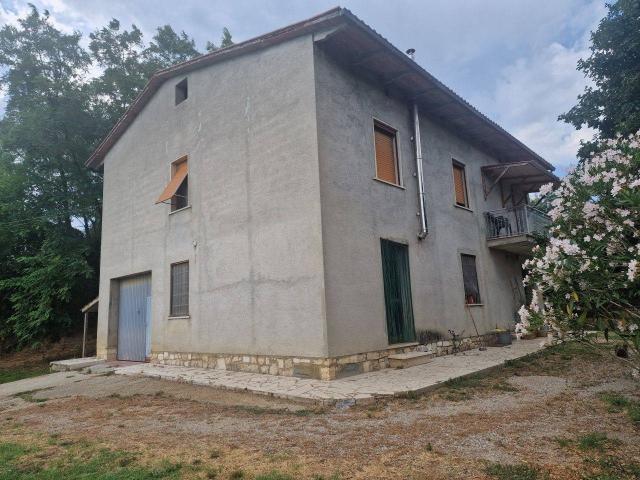 Rustico in vendita a Lucignano, Toscana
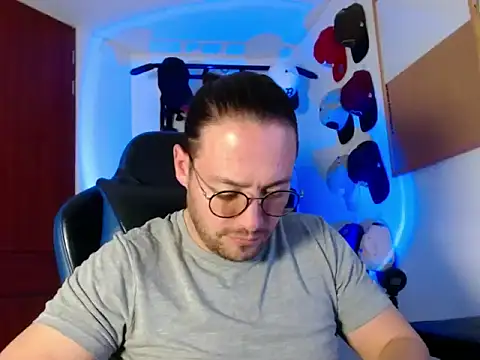 kurt xx online show from December 14, 2025, 1:23 am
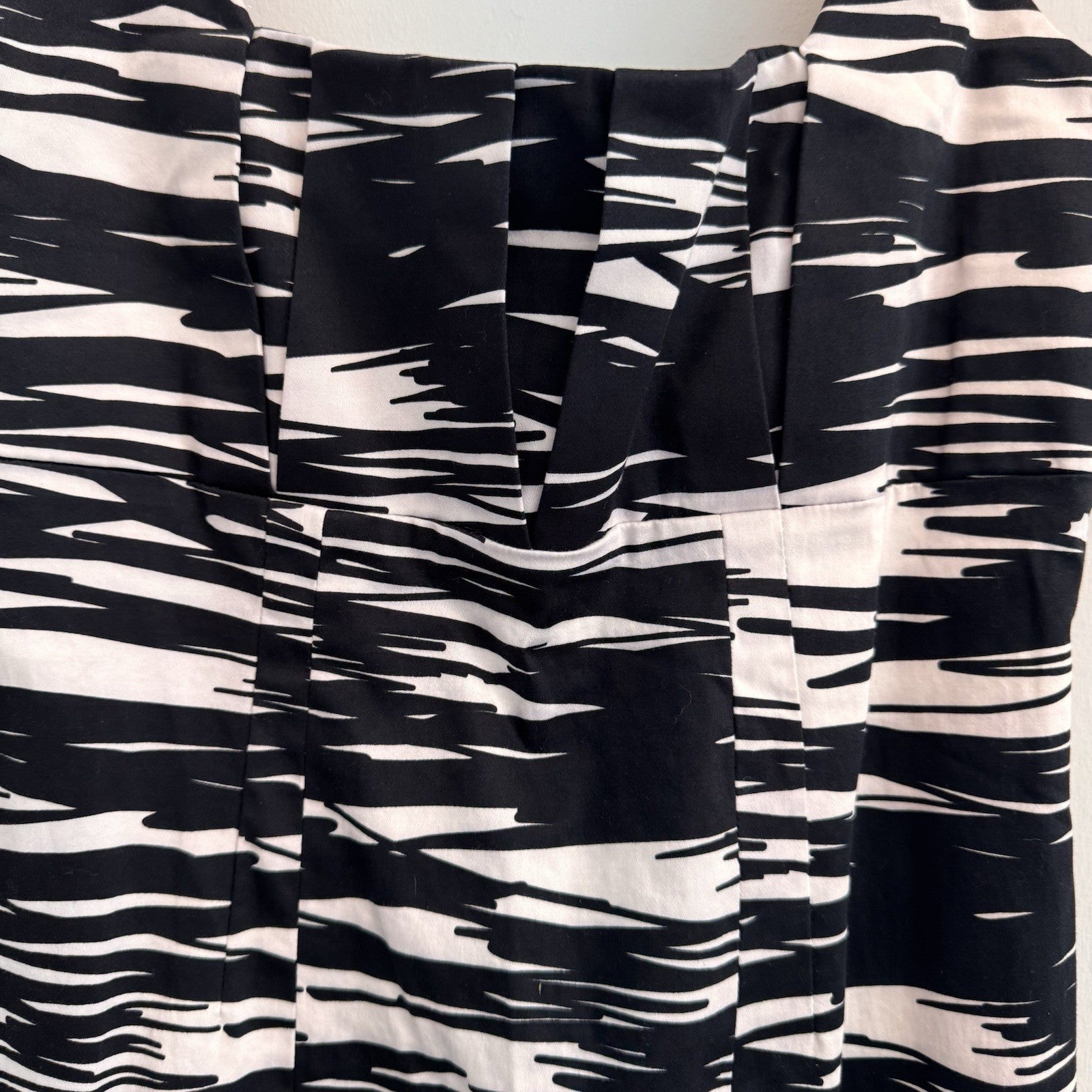 Calvin Klein Women 6 Sheath Dress Abstract Black White Brushstroke Cotton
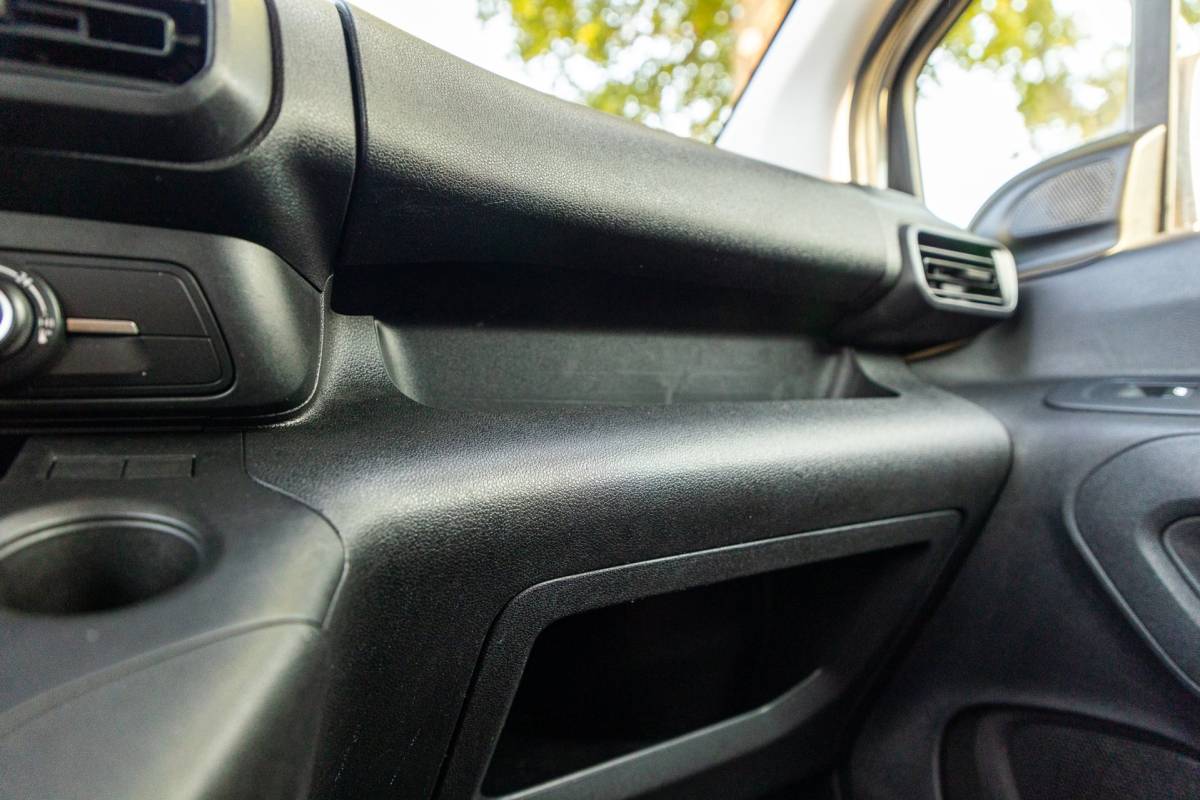 Peugeot Partner Peugeot Partner 1.2 PureTech 110 PK Premium Airco I Cruise I CarPlay I Android I Parkeersensoren I NAP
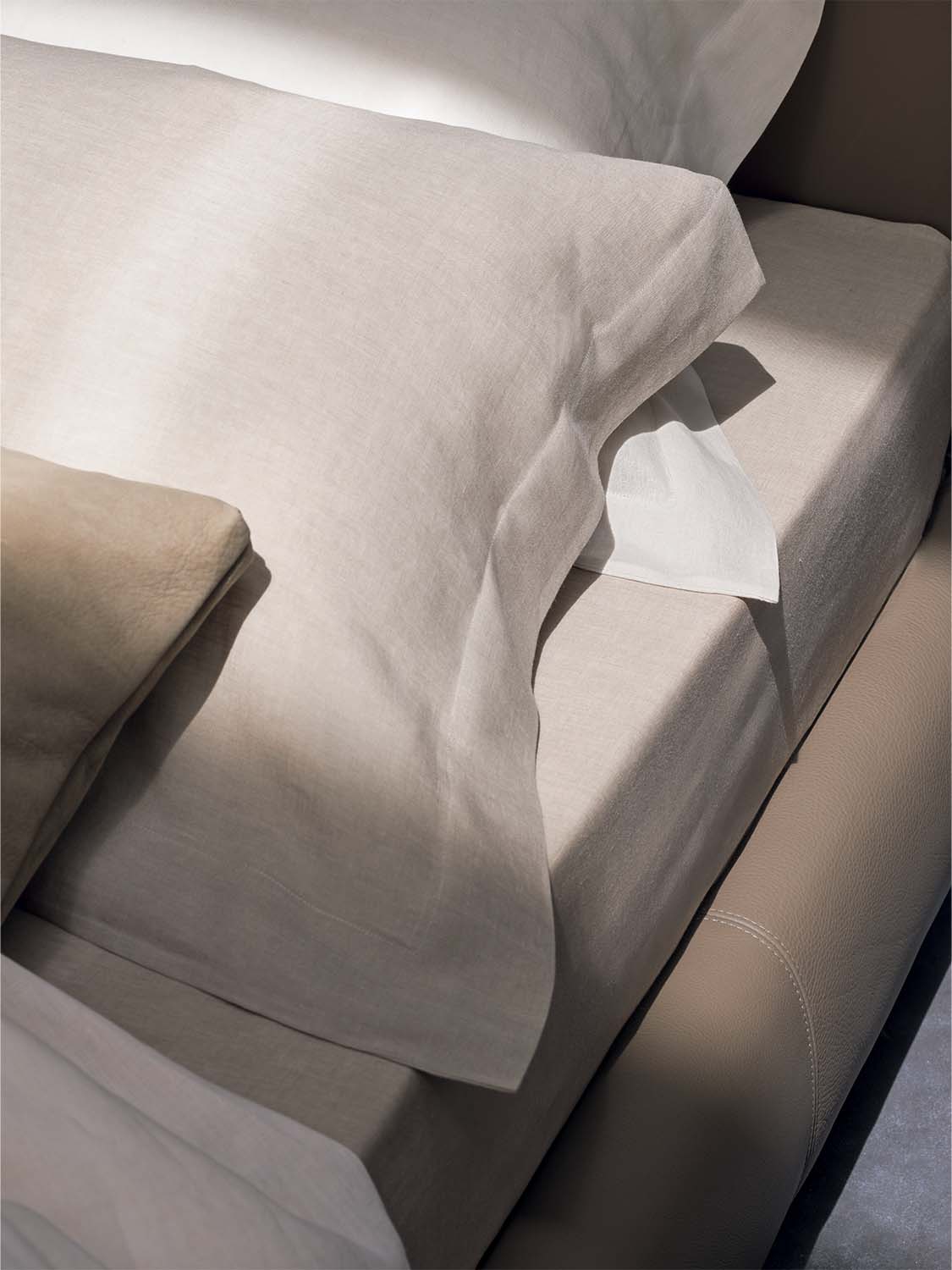 Letto New Bond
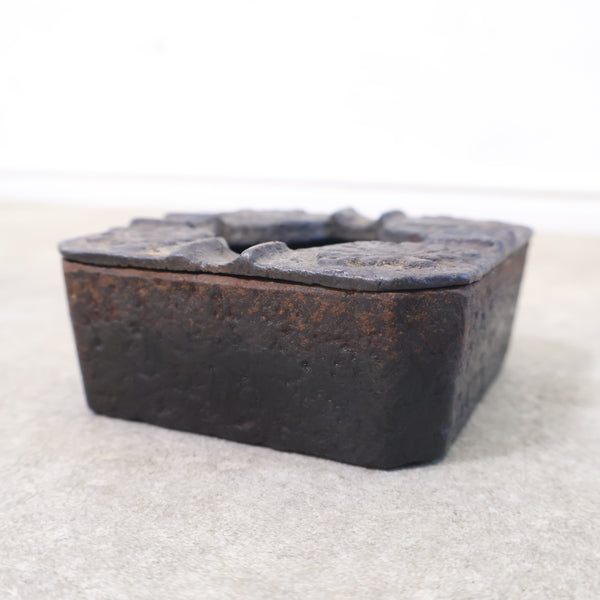 鉄製の古い灰皿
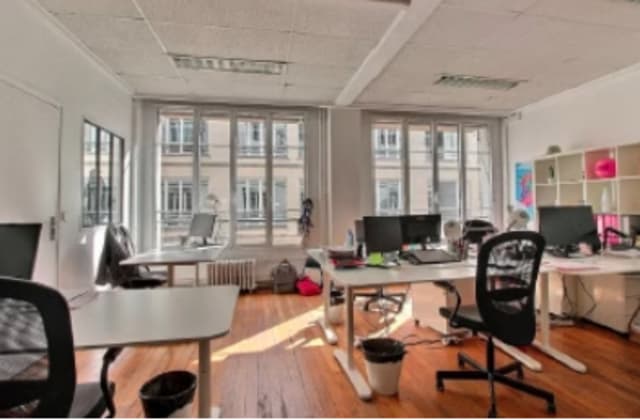 Bureaux 4-10 Cite Paradis, Paris 10e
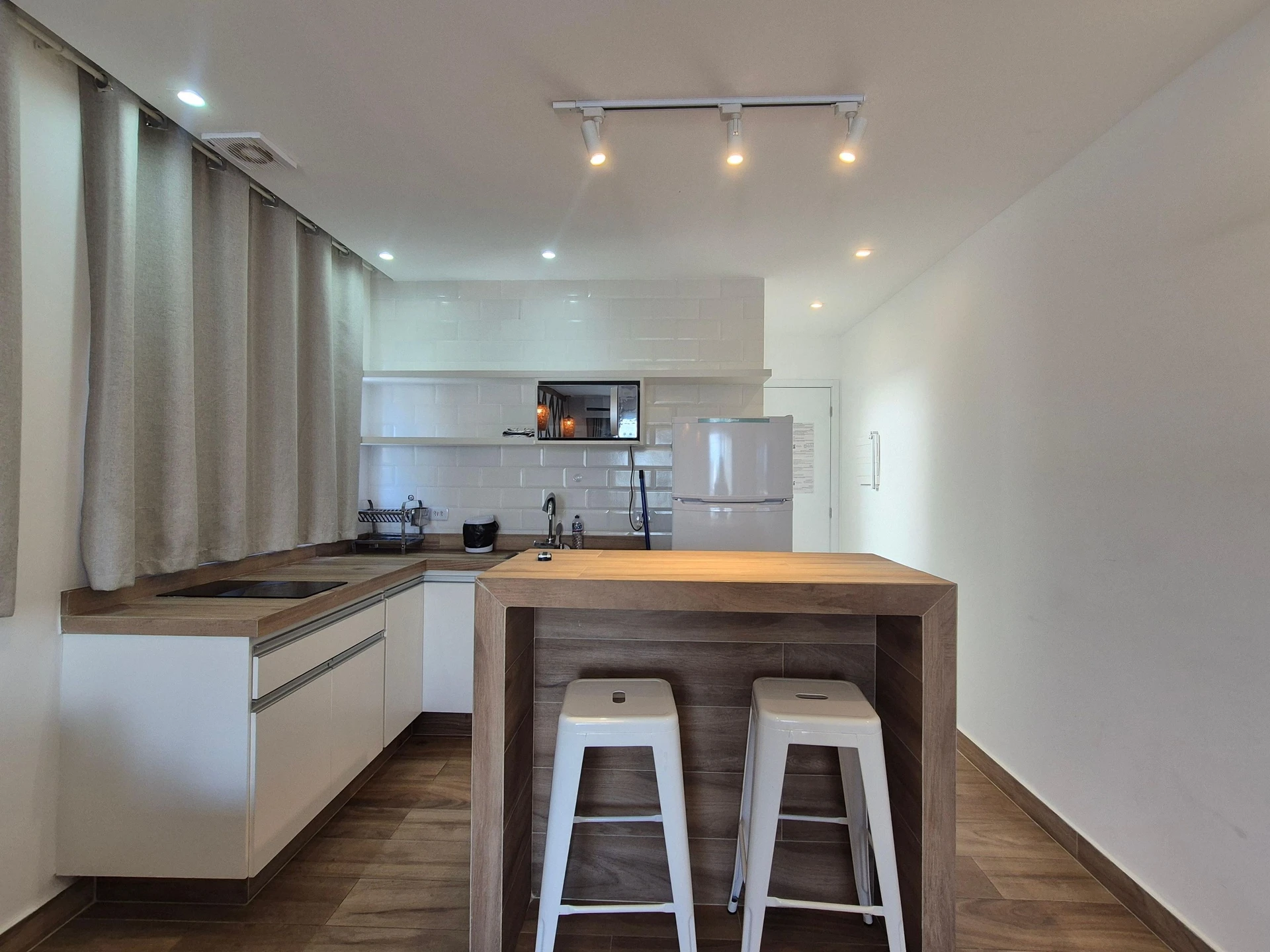Studio mobiliado com 1 quarto e varanda com fechamento — photo 6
_ _ _ _ _ _ _
> [Activity]:
Every line from the one with "Calvin Klein Women" to the end of the records above should be restated word for word, and no picture belongs in the copy.

> [Task solution]:
 Calvin Klein Women 6 Sheath Dress Abstract Black White Brushstroke Cotton
 Peugeot Partner Peugeot Partner 1.2 PureTech 110 PK Premium Airco I Cruise I CarPlay I Android I Parkeersensoren I NAP
 Letto New Bond
 鉄製の古い灰皿
 Bureaux 4-10 Cite Paradis, Paris 10e
Studio mobiliado com 1 quarto e varanda com fechamento — photo 6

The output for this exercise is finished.